Gastroenterite in gravidanza

La gastroenterite è un’infezione gastrointestinale causata o dall’ingestione di un alimento in cattivo stato, o da un virus che provoca un’infiammazione dello stomaco. E’ facile confondere una gastroenterite con qualche sintomo frequente in gravidanza, come ad esempio le nausee, il vomito o il dolore addominale.

La gastroenterite non deve necessariamente creare complicazioni gravi durante la gravidanza, giacchè alcuni specialisti indicano che la gastroenterite comune non mette a rischio la salute del feto, a meno che non ci sia febbre alta o segni di disidratazione.

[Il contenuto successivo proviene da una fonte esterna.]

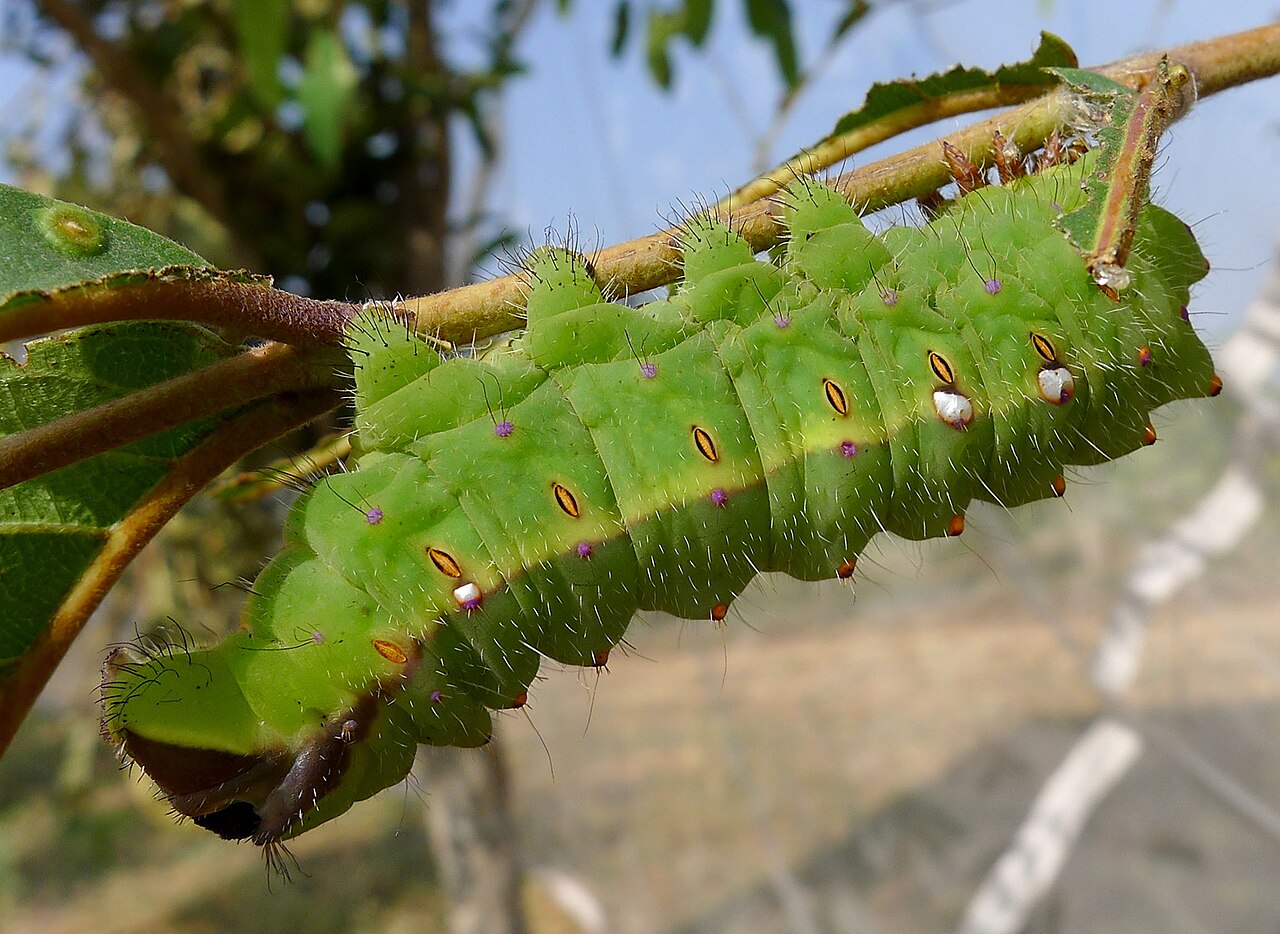Tussar silkworm pupae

Dolori durante la gravidanza

Sintomi

La gastroenterite in gravidanza può produrre una serie di sintomi nella madre, come:

  • Vomito
  • Diarrea
  • Nausee
  • Dolore addominale
  • Febbre

La gastroenterite in periodo gestazionale di solito dura tra le 24 e le 72 ore. Non bisogna lasciare che si prolunghi nel tempo, a causa del pericolo di disidratazione. E’ necessaria una visita del medico, soprattutto se si arriva ad avere la febbre alta. Il momento in cui ciò può diventare grave è quando può avere conseguenze negative sul feto, ed eventualmente causarne il parto prematuro o sottopeso.

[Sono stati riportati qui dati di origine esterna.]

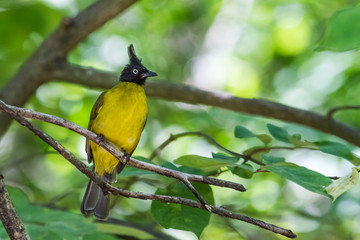 Black crested bulbul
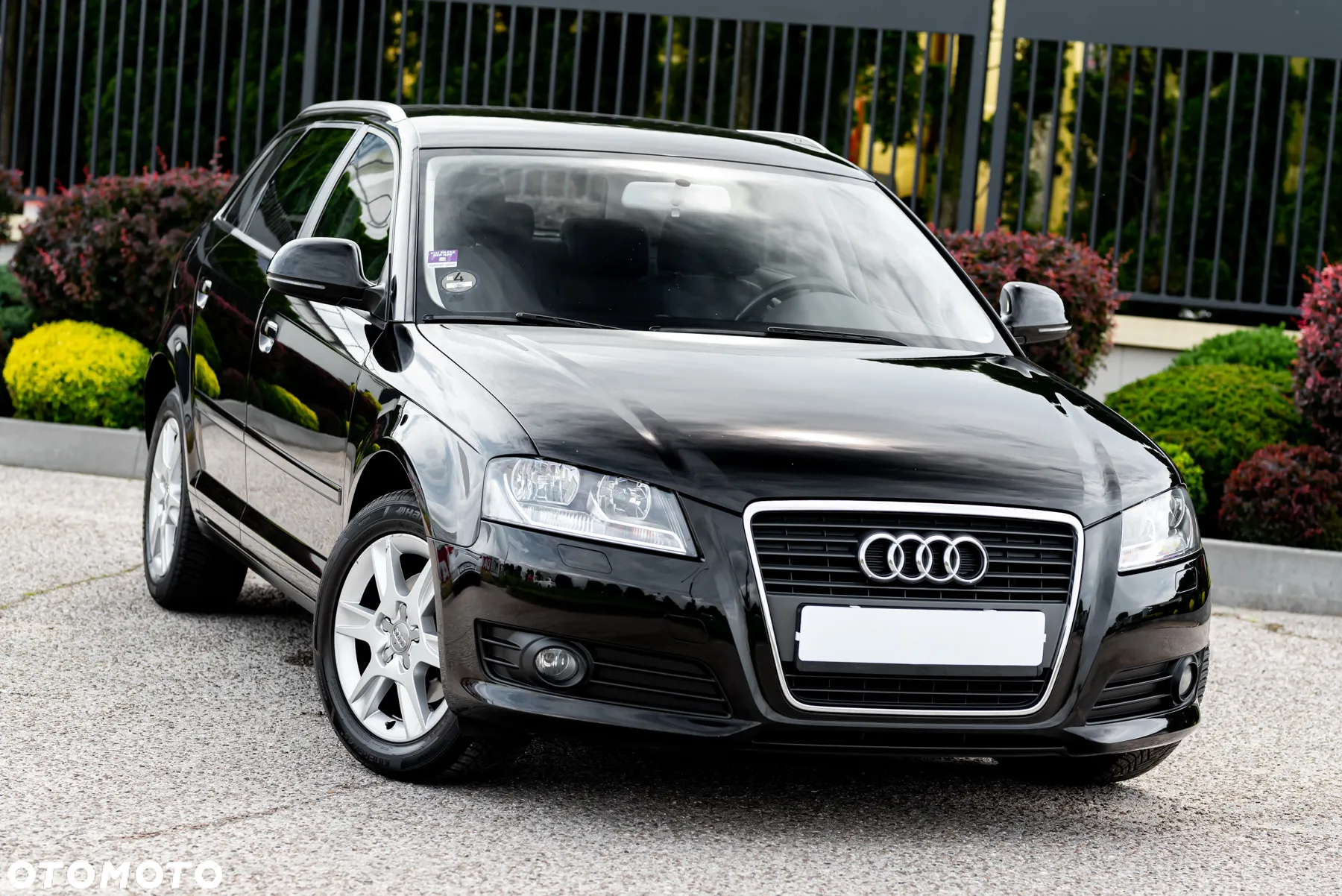 Audi A3 1.6 Sportback Ambiente - 5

Alcuni dei sintomi che determinano se ci troviamo in un caso di gastroenterite grave possono essere:

  • Febbre alta
  • Segnali di disidratazione: la madre non tollera nemmeno l’acqua
  • Apparizione di sangue o muco nelle feci
  • Non ravvisare miglioramenti nel giro di 48 ore

Raccomandazioni

Alcune delle raccomandazioni da tenere presenti, se ci troviamo davanti ad un caso di gastroenterite, sono:

  • Riposo
  • Bere acqua poco a poco, a piccoli sorsi, per evitare la disidratazione
  • Non assumere nessun farmaco non prescritto da un medico, che sarà l’unico che potrà indicare se c’è bisogno di un trattamento
  • Seguire una dieta adeguata
  • Recarsi dal medico se i sintomi continuano oltre le 48 ore

Malattia infiammatoria intestinale

La malattia infiammatoria intestinale (IBD) è un disturbo cronico che produce l’infiammazione e la distruzione del tessuto intestinale. Esistono vari tipi di IBD: il morbo di Crohn e la Colite Ulcerosa.

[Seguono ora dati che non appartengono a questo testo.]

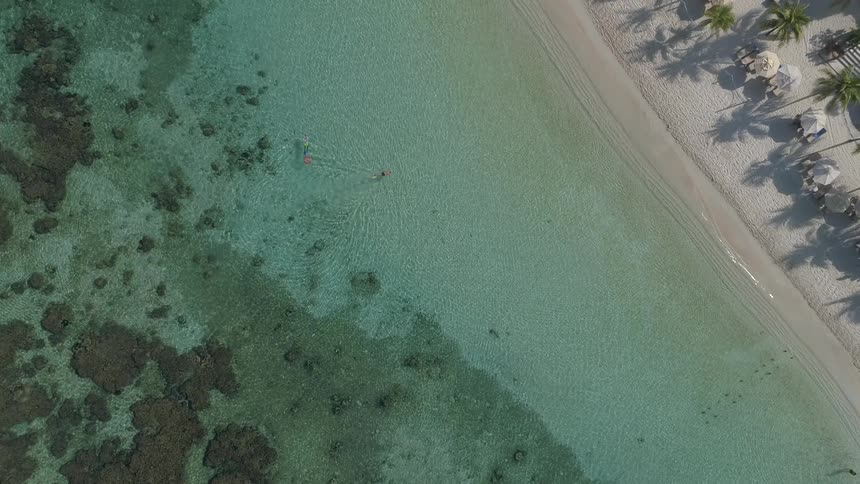 People swimming in the shallow blue green water off the coast of a beach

Molte donne in età fertile (tra i 15 e i 40 anni circa) soffrono questo tipo di patologia, come il morbo di Crohn, che prevede l’assunzione di farmaci. Secondo gli studi, la gravidanza non influisce su questo tipo di disturbo, anche se si raccomanda di pianificare in certo modo il parto e, se se ne soffre, è raccomandabile visitare uno specialista, se possibile persino prima di cercare una gravidanza, poiché un medico potrebbe decidere di eliminare, cambiare o regolare i farmaci necessari. Essendo una malattia cronica, è in relazione anche con altri fattori fisici, come ad esempio l’ansia o lo stress.

Ad ogni modo, nel caso di una gravidanza è opportuno consultare un medico, perché fornisca dei consigli da poter seguire.